I'll try to get up a post tonight.


----------



## Vigwyn the Unruly (Jun 13, 2007)

Looks like a couple of the PCs have been off the boards for a while.  :\ 

Are you guys still interested in playing this game? If so, I can try to recruit a couple more players.


----------



## Rhun (Jun 13, 2007)

I am still here and interested. I was just waiting on some feedback from the rest of the group before I decided to have Zazz do anymore scouting.


----------



## industrygothica (Jun 13, 2007)

I am still very interested in playing this game.  I love playing Norbrit, and would hate to have to  put him on the shelf so soon.


----------



## Rhun (Jun 13, 2007)

I am 100% in agreement with IG. And I love the interaction between Norbit and Zazz. They defintely have that "we're long-time friends but we don't want to admit it" vibe going.


----------



## Vigwyn the Unruly (Jun 14, 2007)

Alright, let's keep it going!  

I will NPC Lazarius and Aust for the time being.
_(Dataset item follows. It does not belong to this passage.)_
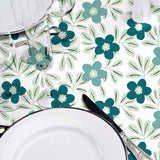 På dukat bord Flory Blue - Elegant vaxduk med fina blå blommor
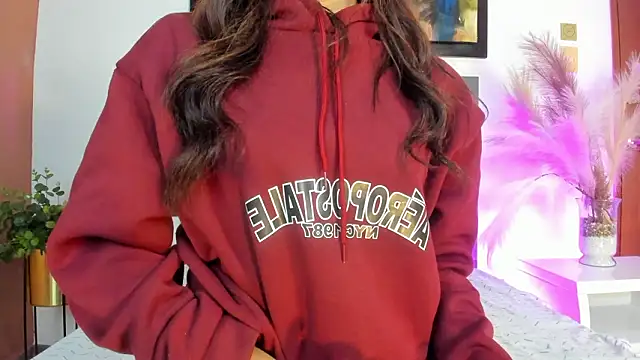 Snapshot of KeimyWilde chatting on February 2, 2026, 6:06 pm KeimyWilde online show from February 2, 2026, 6:06 pm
If their players don't show back up for several more days, I will start to look for replacement players.


----------



## Vigwyn the Unruly (Jun 23, 2007)

There is some recruiting activity over in the re-opened recruitment thread in case you guys want to keep an eye on that.

(Rathan and Ivellious: I'm sorry, but it has been weeks since you've been on the boards and at this point I have to look for replacements in order to keep the game going. I don't think it would be very fun for Rhun and industrygothica if half the party were NPCs.)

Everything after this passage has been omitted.